#### HOW TO COMPLETE THIS TASK:
Give back exactly the lines of the material below that start at the one holding "Used 2023 Nissan Rogue SV FWD image 17" and end at the last line, minus the pictures.

#### RECORDS SHOWN:
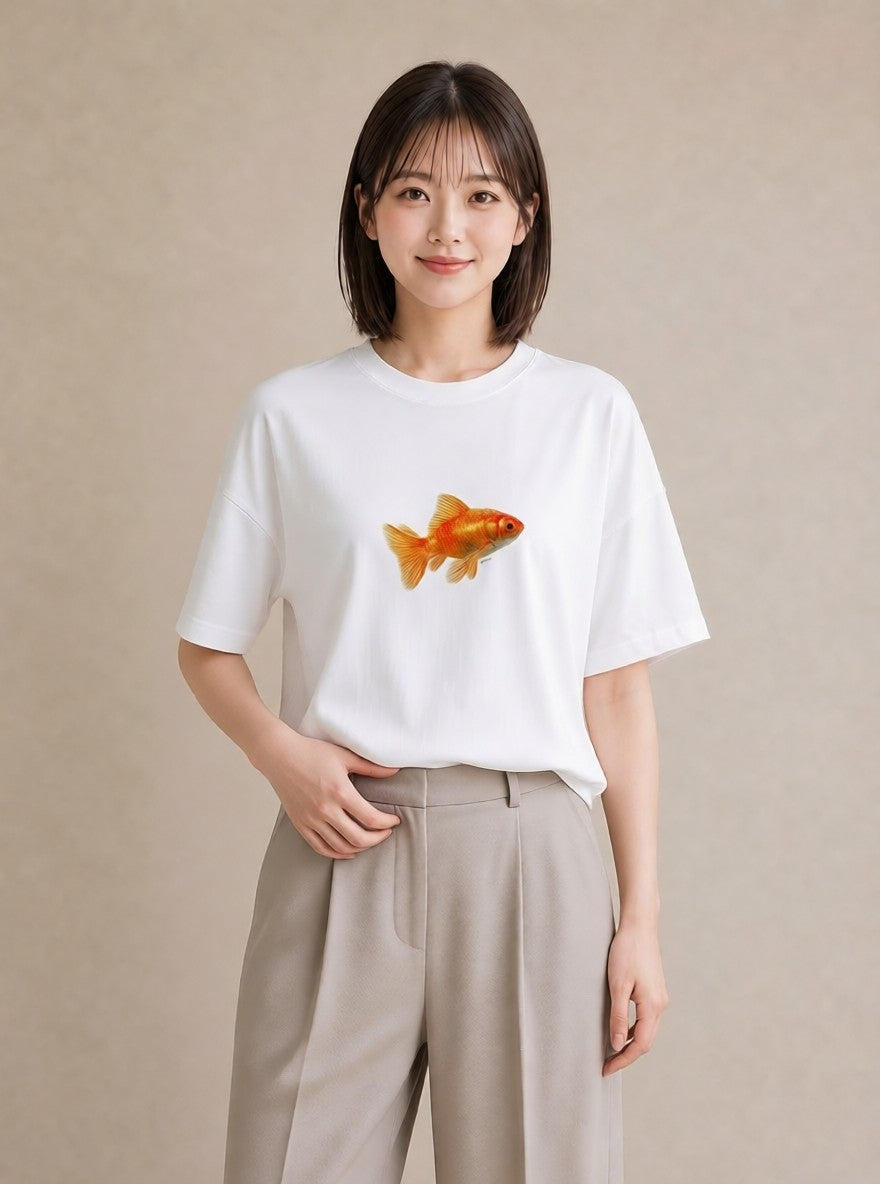 グラフィックTシャツ レディース らんちゅう ペット 動物 イラスト アート風 週末コーデ 敬老の日 白T YMAZO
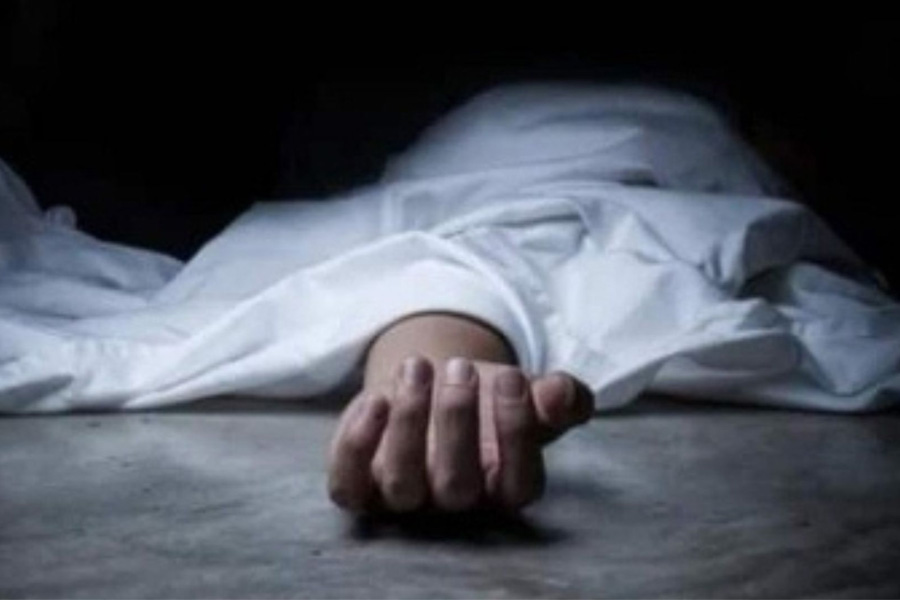 Mumbai Man Found Dead On Road and Wife dead in Flat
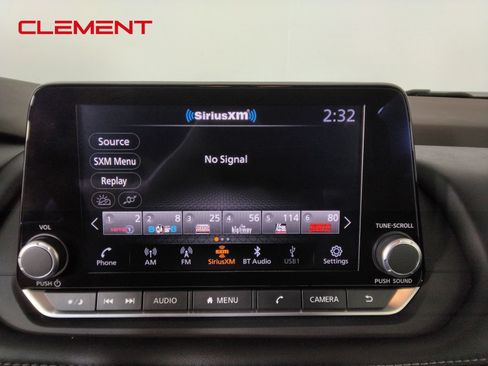 Used 2023 Nissan Rogue SV FWD image 17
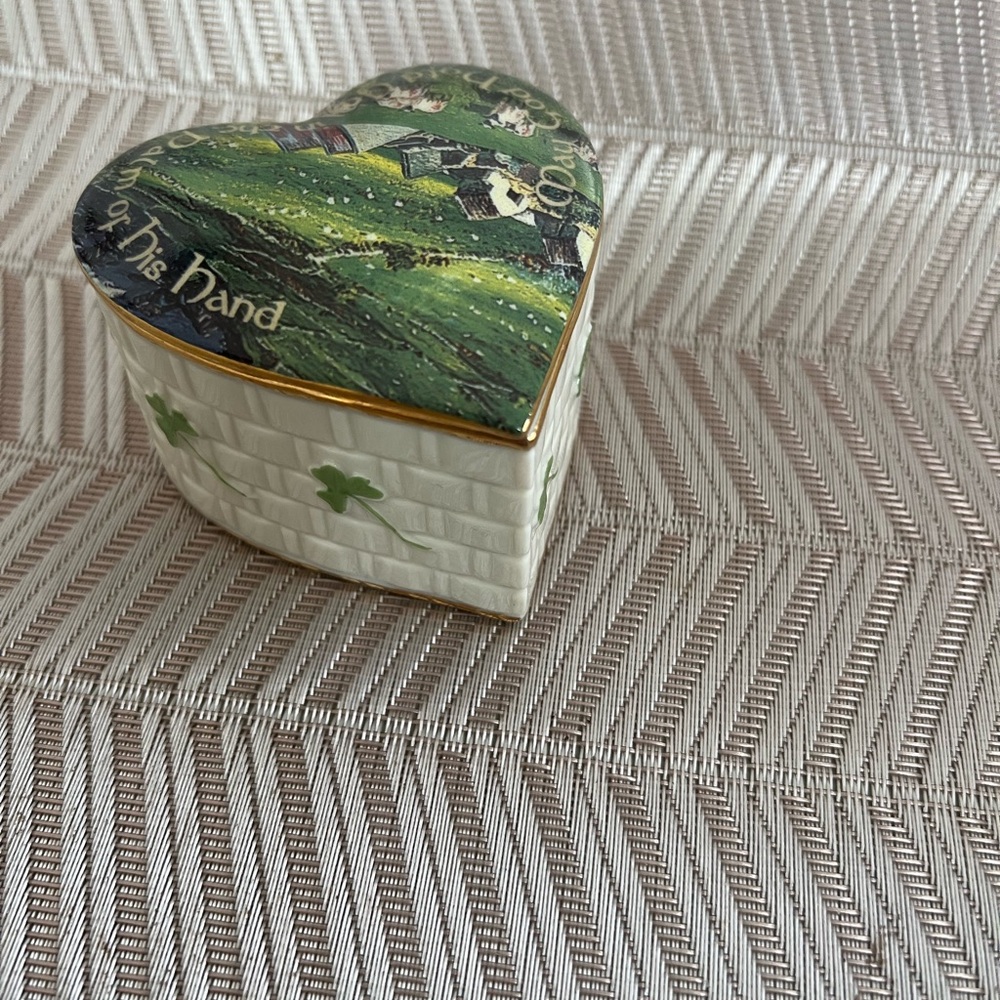 Ardleigh Elliot Heart-Shaped Muisc Box with Green and Gold Accents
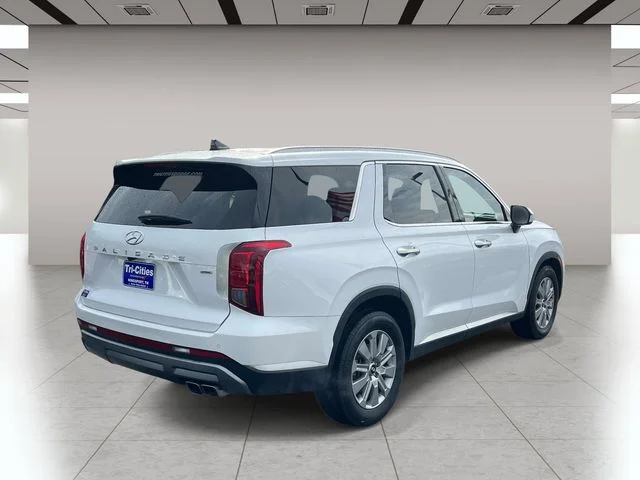 Used 2025 White Hyundai SEL image 3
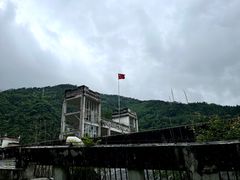 -四川汶川特大地震漩口中学遗址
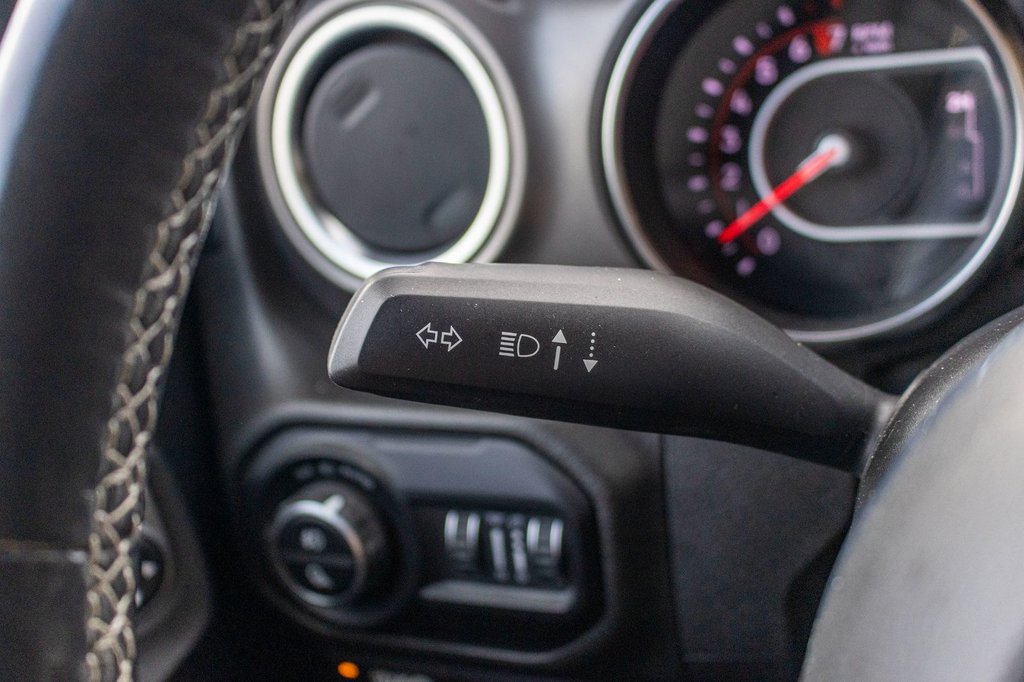 2022 Jeep Gladiator Rubicon in Saint-Jérôme, Quebec - 21 - w1024h768px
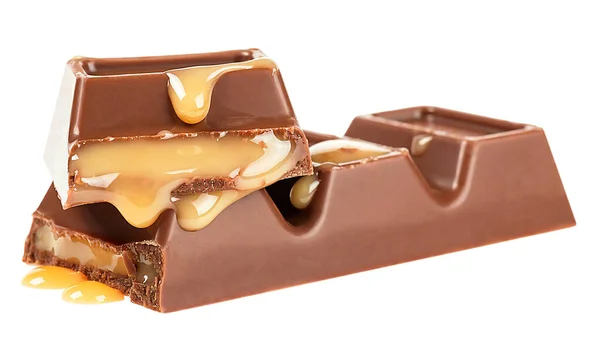 Deliciosas Barras Chocolate Com Caramelo Vazando Isolado Fundo Branco — Fotografia de Stock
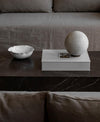 Audo Copenhagen Plinth Low sohvapöytä Harmaanruskea marmori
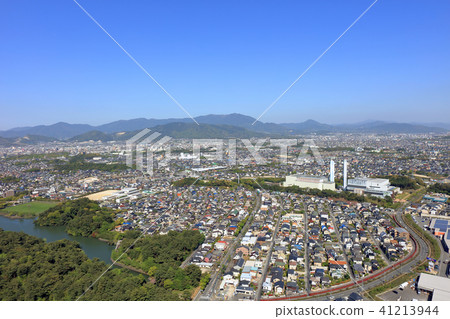 A park with a pond Shirarumi Oike park Shooting Fukuoka city direction from Kasugaru 41213944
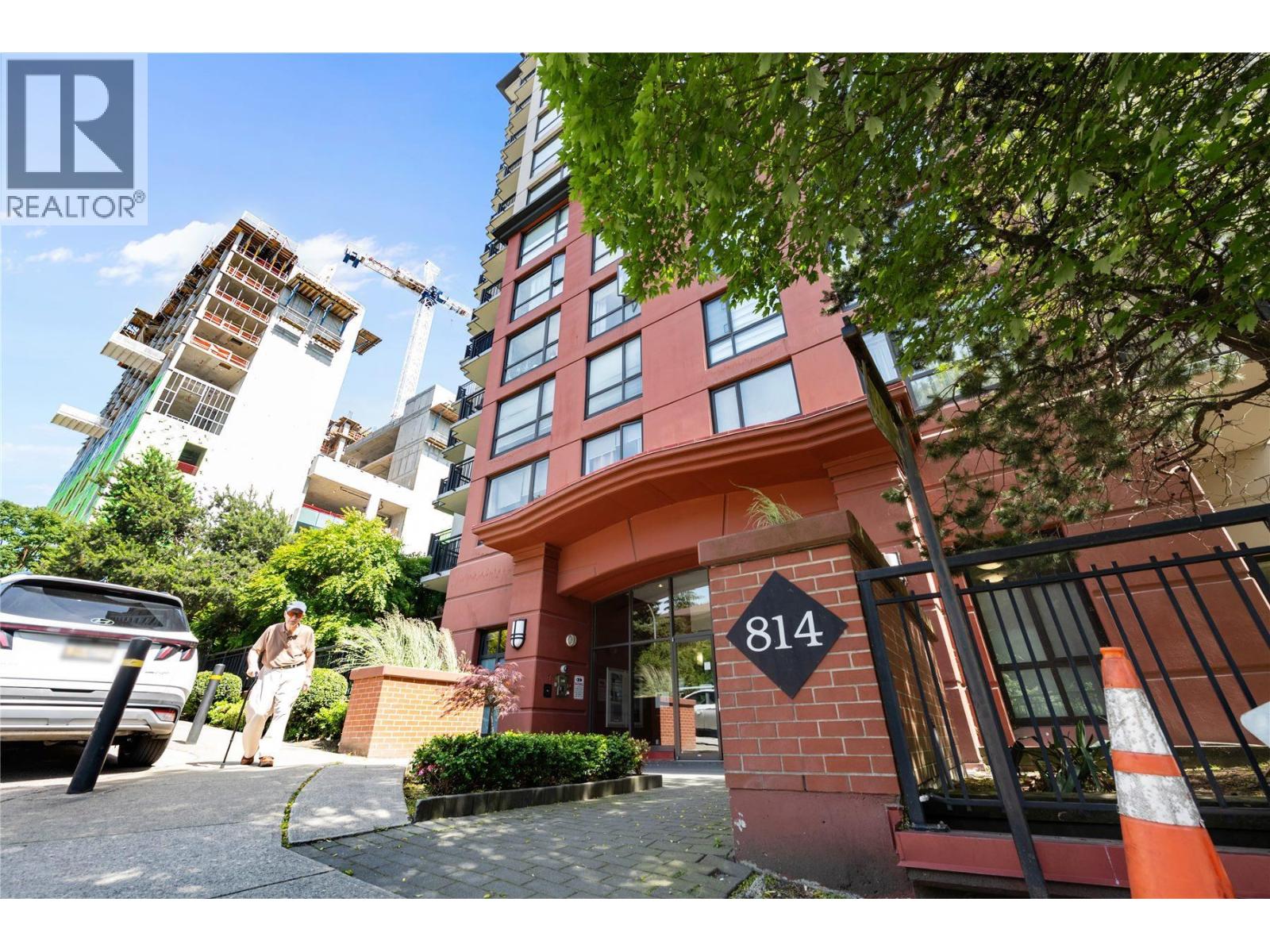 806 814 ROYAL AVENUE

#### EXERCISE SOLUTION:
 Used 2023 Nissan Rogue SV FWD image 17
 Ardleigh Elliot Heart-Shaped Muisc Box with Green and Gold Accents
 Used 2025 White Hyundai SEL image 3
 -四川汶川特大地震漩口中学遗址
 2022 Jeep Gladiator Rubicon in Saint-Jérôme, Quebec - 21 - w1024h768px
 Deliciosas Barras Chocolate Com Caramelo Vazando Isolado Fundo Branco — Fotografia de Stock
 Audo Copenhagen Plinth Low sohvapöytä Harmaanruskea marmori
 A park with a pond Shirarumi Oike park Shooting Fukuoka city direction from Kasugaru 41213944
 806 814 ROYAL AVENUE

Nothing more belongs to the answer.